What you need to do — Below are the entries. Print only the lines starting at the one with "Портативный станок для обработки фланцев" and ending at the one with "-南仓口王家烧麦(大寺店)", exactly, with no pictures.

Source data —
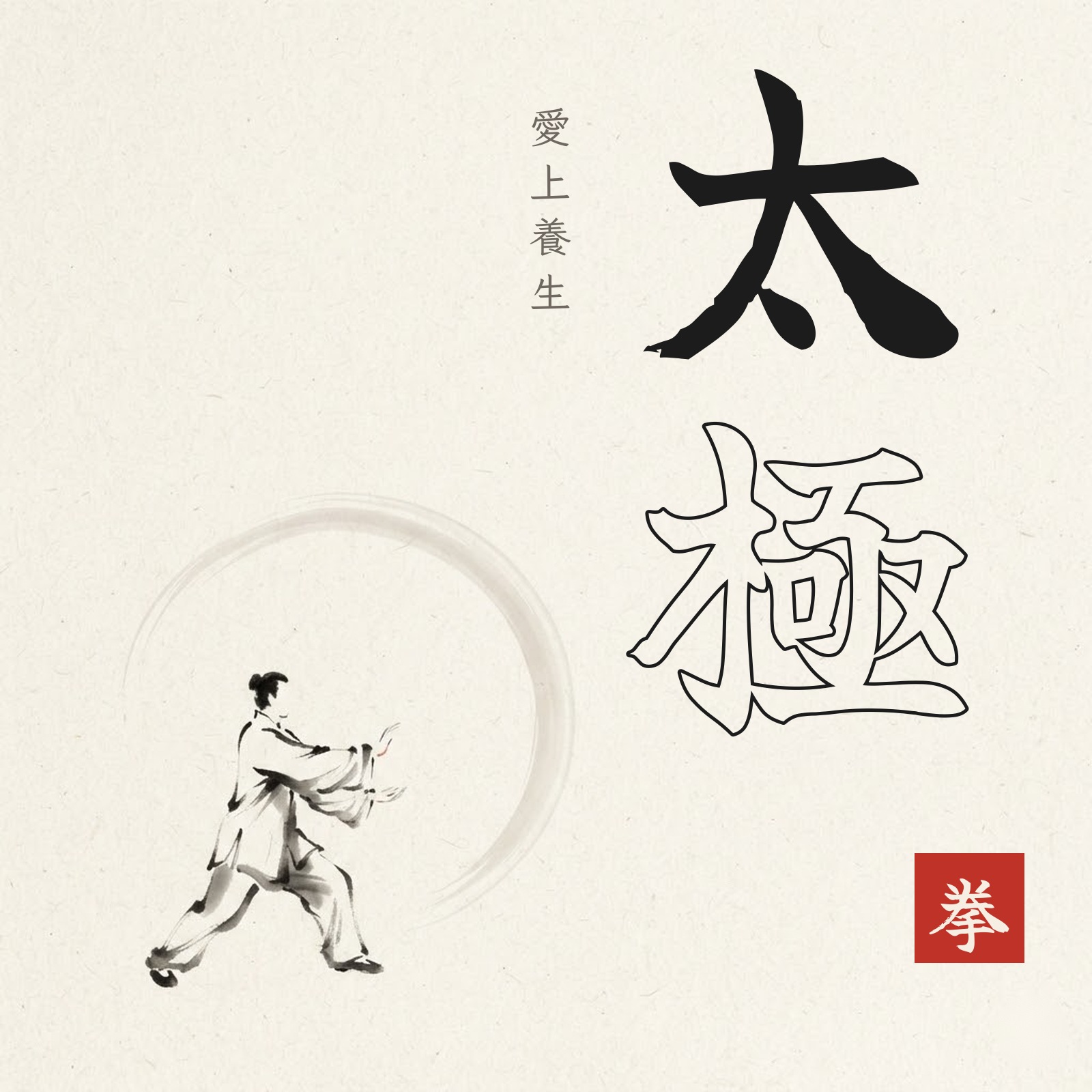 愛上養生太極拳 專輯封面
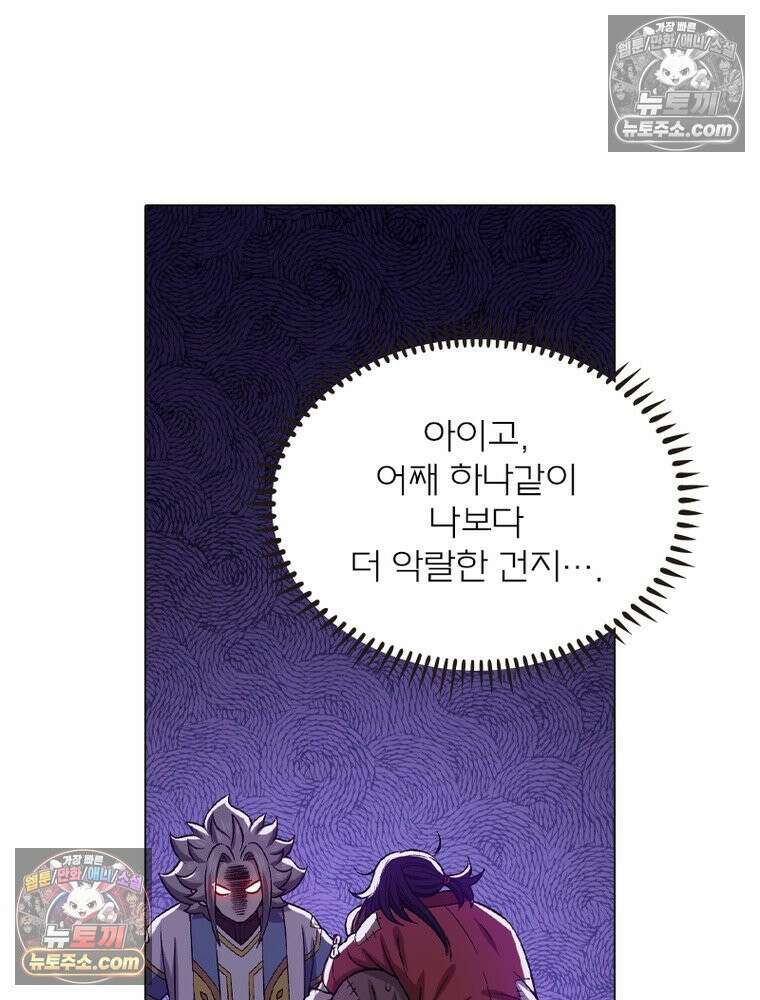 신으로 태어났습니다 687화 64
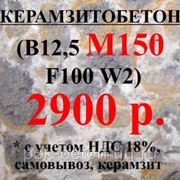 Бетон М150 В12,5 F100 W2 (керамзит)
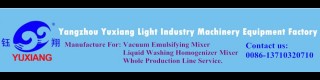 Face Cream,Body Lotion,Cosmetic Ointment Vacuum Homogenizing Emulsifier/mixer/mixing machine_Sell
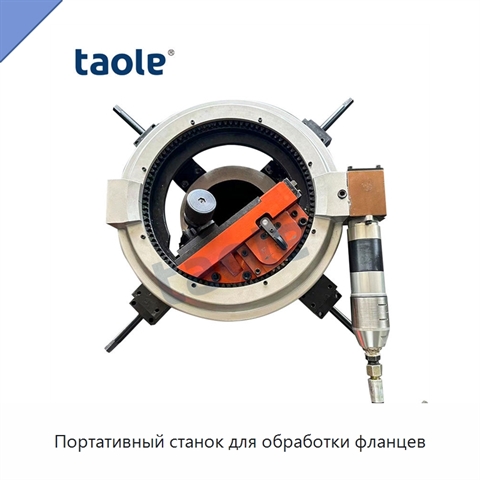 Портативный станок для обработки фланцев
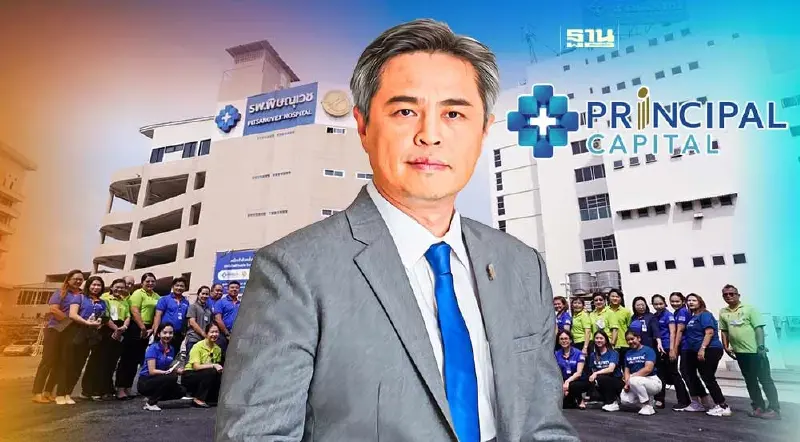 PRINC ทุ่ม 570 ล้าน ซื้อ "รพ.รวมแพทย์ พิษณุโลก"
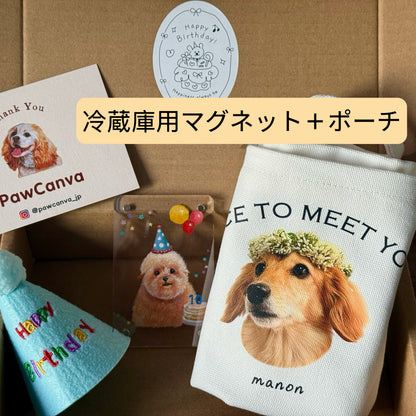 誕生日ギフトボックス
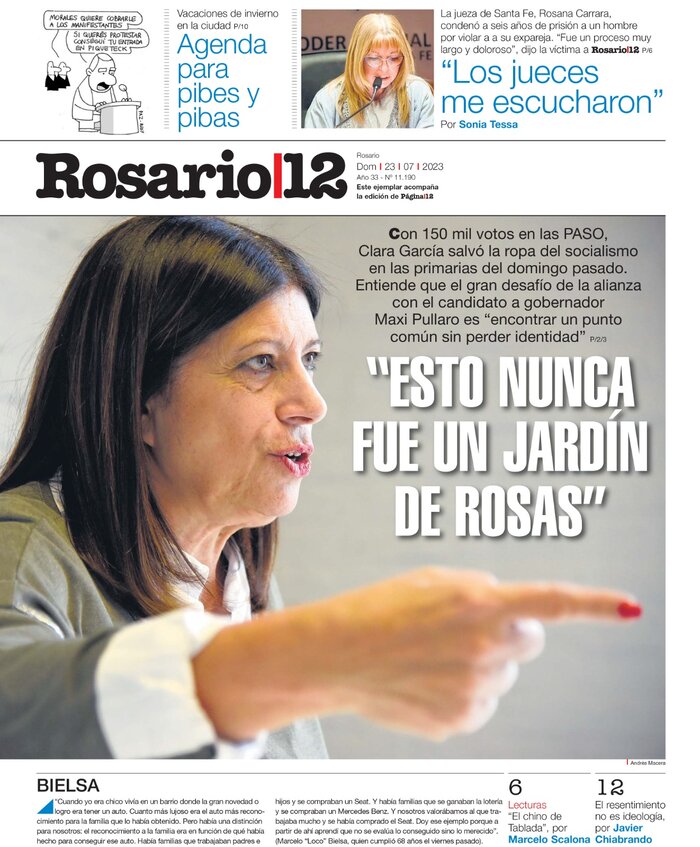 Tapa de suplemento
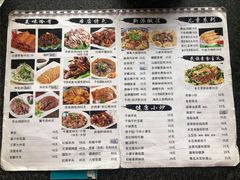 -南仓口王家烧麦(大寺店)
...
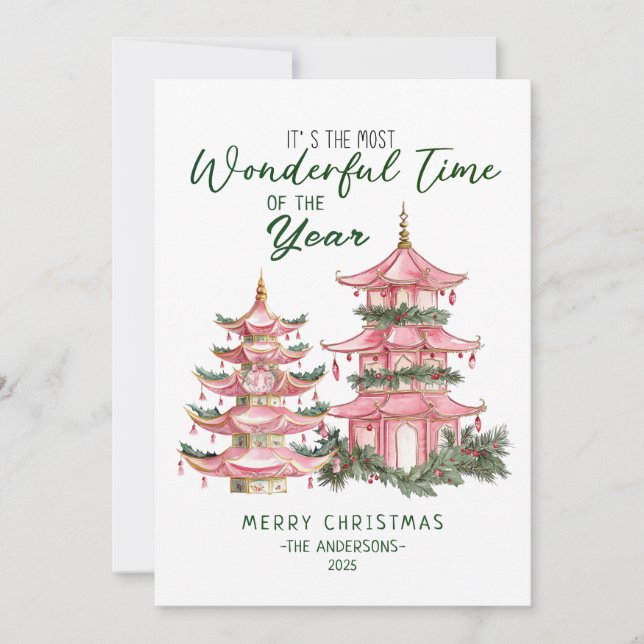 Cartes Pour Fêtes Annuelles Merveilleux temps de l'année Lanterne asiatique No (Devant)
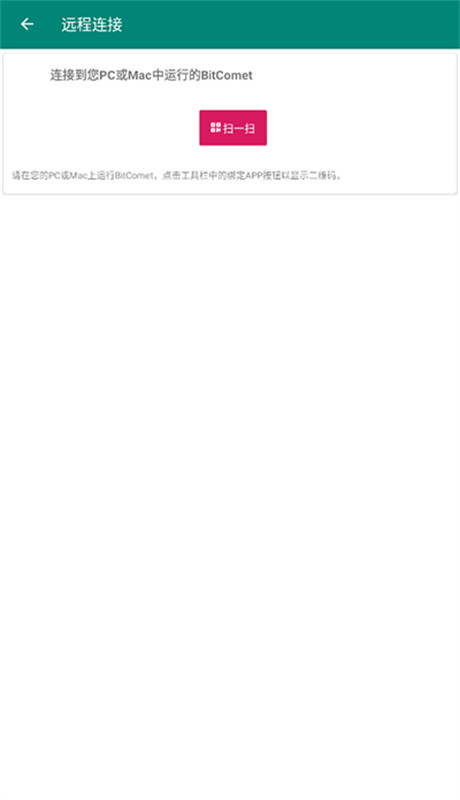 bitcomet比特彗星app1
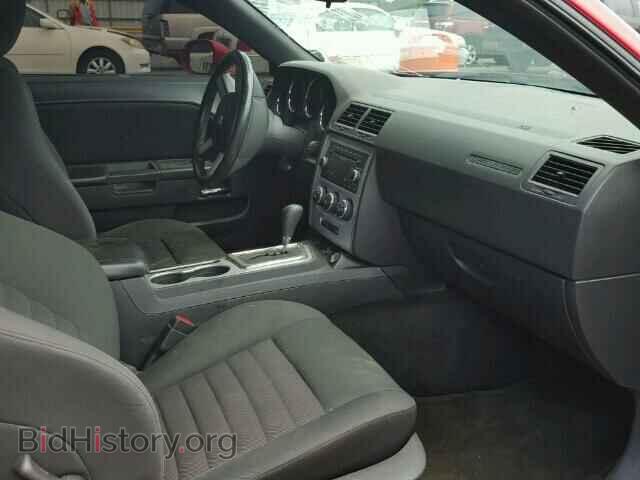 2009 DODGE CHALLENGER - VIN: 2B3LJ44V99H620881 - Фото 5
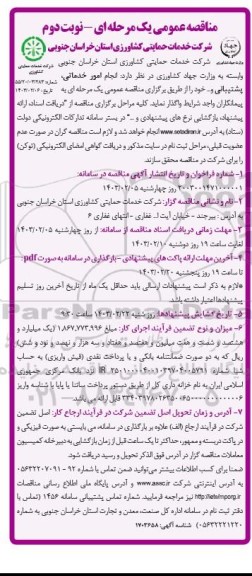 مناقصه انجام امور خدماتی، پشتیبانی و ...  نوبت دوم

Completed task —
 Портативный станок для обработки фланцев
 PRINC ทุ่ม 570 ล้าน ซื้อ "รพ.รวมแพทย์ พิษณุโลก"
 誕生日ギフトボックス
 Tapa de suplemento
 -南仓口王家烧麦(大寺店)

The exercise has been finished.